Kruger’s erudition shines throughout the text, but its Kruger’s engagement in chapters 2 and 3 where readers will find the most nourishment. Kruger ties the redemptive acts of God in the Old Testament to what Jesus accomplished in the New Testament in order to provide further evidence for an intrinsic model of canon formation. The covenantal revelation in Christ mirrors the covenantal revelation in the Old Testament, demanding a written law, so to speak, for the new covenant community. A “New Israel” required new scriptures (53). Kruger argues for a close connection between the idea of covenant and canonical texts. Texts confirm and point back to a covenant (61). Such a connection made it natural for New Testament writers to assume written documents in connection with the new covenant (62). This explains not only instances in the NT of apostolic authority being understood as scriptural, but early witnesses pointing to the foundation of the gospels and apostolic writings as definitive of the new covenant community. The mission of the apostles makes the writing and collection of authoritative books “a virtual inevitability” (76).
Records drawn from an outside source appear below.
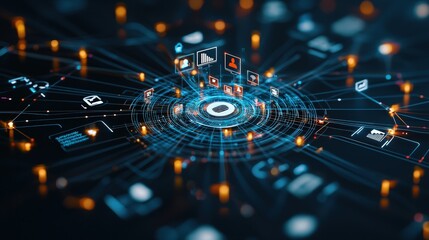 Conceptual image of a digital HR hub with real-time employee data analytics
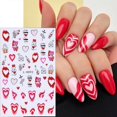 thumbnail image 4 of Pegatinas para uñas NZRAESTRS, 6 hojas, arte de corazones para San Valentín, 4 of 7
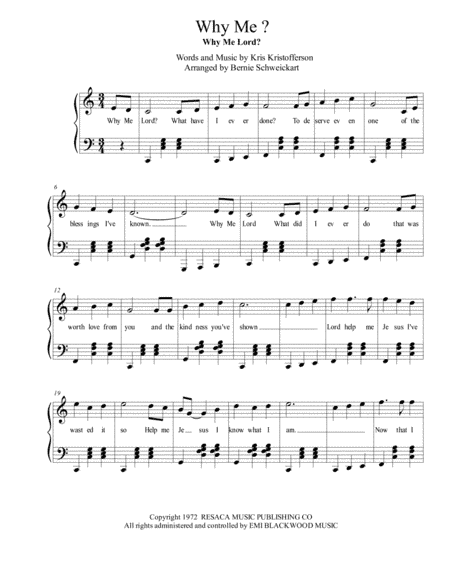 Why Me? (why Me, Lord?) (arr. Bernie Schweickart)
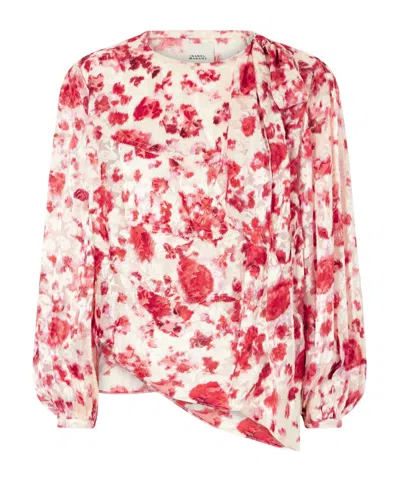 Isabel Marant Firma Floral-print Chiffon Blouse In Red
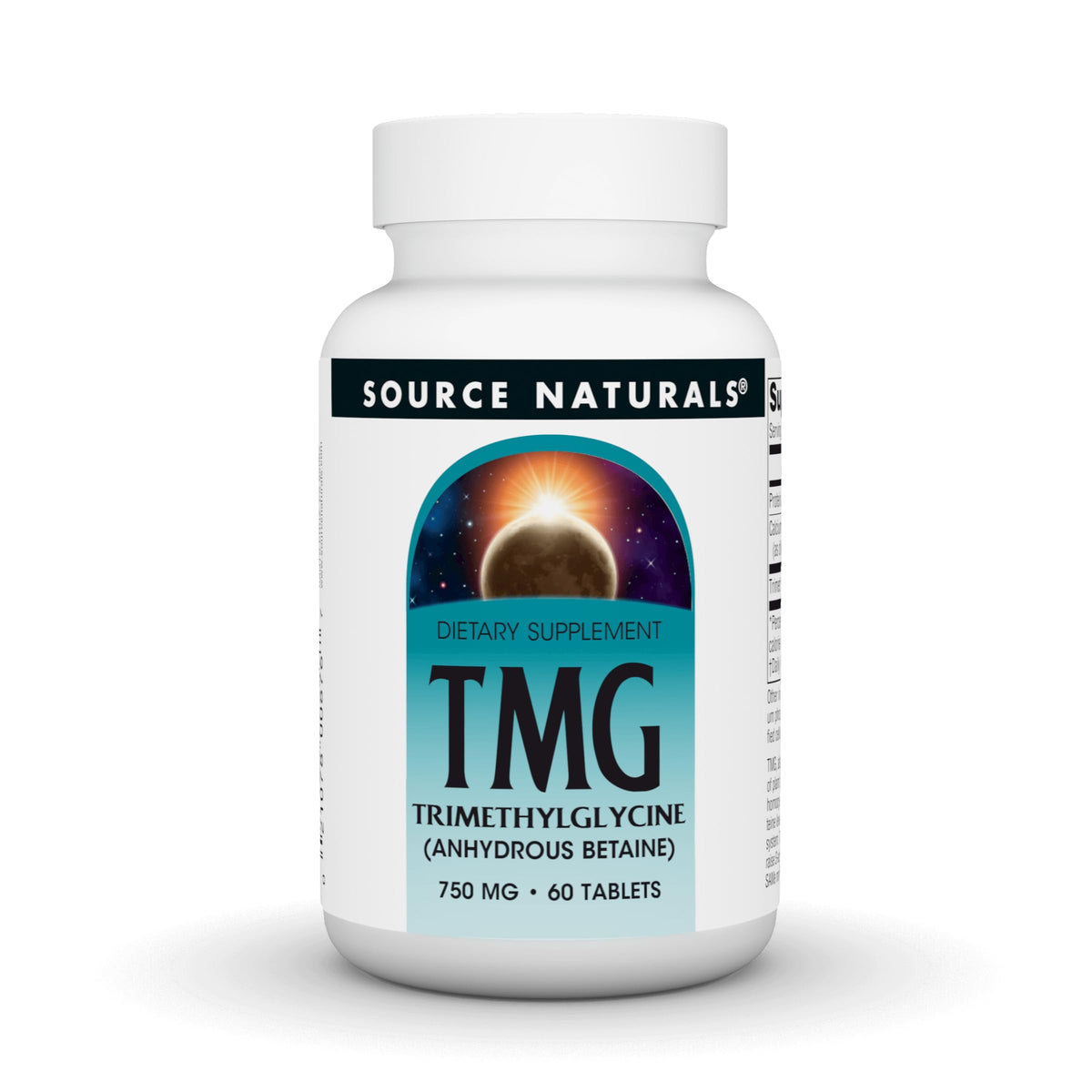 Source Naturals TMG 750 mg comprimés végétariens avant
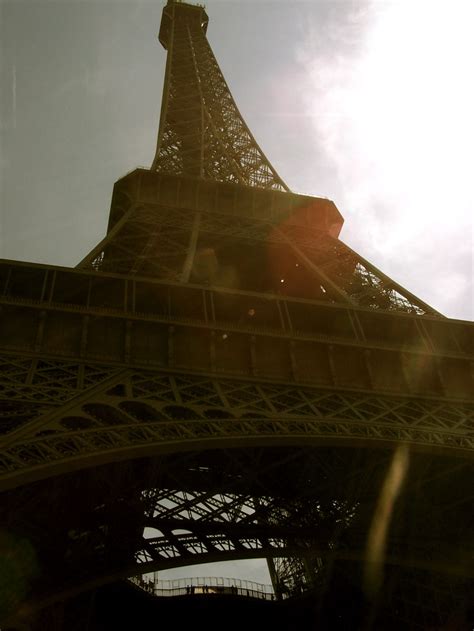 the eiffel tower is shown from below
Additionally, Kruger helpfully dispels the myth of early Christian communities as exclusively reliant upon oral tradition. While orality was certainly a vital aspect of early proclamation, Christian communities inherited a textual foundation inherent in Jewish worship. Early Christians, both Jews and Gentiles but especially Jews, highly regarded the written word as evidenced throughout the New Testament and various second temple historical examples. Arguments for illiteracy among ancient peoples do not therefore lead to a devaluing of texts, as critical scholars contend. Early manuscript evidence, as well as early adoption of the codex, point to ancient Christians as a textual people. The authority of the text being read to worshipping Christians, as Kruger argues, points to a respect for written texts and an early understanding for an intrinsic idea of the canon (96). Kruger keenly demonstrates that the extrinsic model of canon formation (an idea of canon forced upon the text) simply denies the consistent evidence of early Christian practice and appreciation for authoritative texts.
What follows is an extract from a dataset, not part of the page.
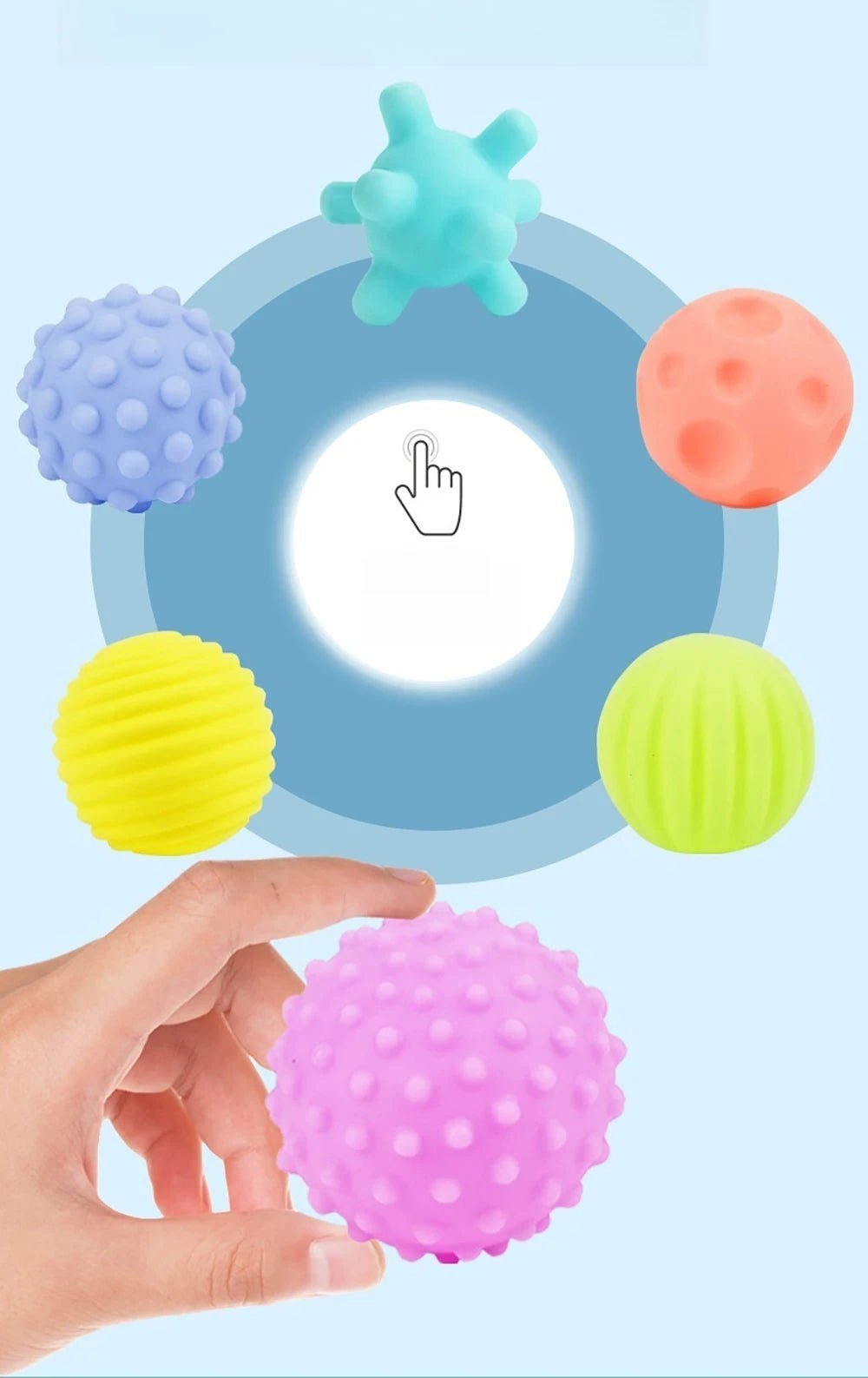 balle sensorielle bébé - lot de 6 unités - Mamanplusbebe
What Kruger does for readers is to clear the smoke regarding canon formation. While not a full investigation of every facet of canon formation from differing perspectives, Kruger helps readers to question the current paradigm in canonical studies. Some may struggle with his definition of canon as ontological. Others may contend against his argument for the covenantal necessity of New Testament texts. Whether he definitively argues for these points–and I for one believes he does–Kruger’s task of raising “serious questions about [the] viability” of the extrinsic model succeeds (209). Though perhaps not a paradigm shift (as others have argued for similar aspects of canon formation), Kruger’s Question of Canon provides the coagulant to solidify the merits of the intrinsic model. While the extrinsic model accounts for numerous historical facts, it refuses to deal with the theological and ontological reality of Scripture and subsequently the early concept of canon within the Christian faith. Canon arose early and naturally within the first stages of Christianity as a “seedling sprouting from the soil” (210). With Question of Canon, Kruger has provided scholars of canon formation with an invaluable resource. Readers of the biblical text should value the early understanding of new covenant texts as pivotal and authoritative for the early Christian community. Students of theology will appreciate Kruger’s consistent argumentation and appreciation for numerous sources, whether critical or otherwise.  Teachers of biblical studies will admire Kruger’s grappling with differing viewpoints and ardent argumentation, providing a perspective worthy of serious discourse. Question of Canon should be an invaluable resource to anyone concerned with the question Kruger seeks to answer.

Thanks to InterVarsity Press for providing a free review copy in exchange for an honest review!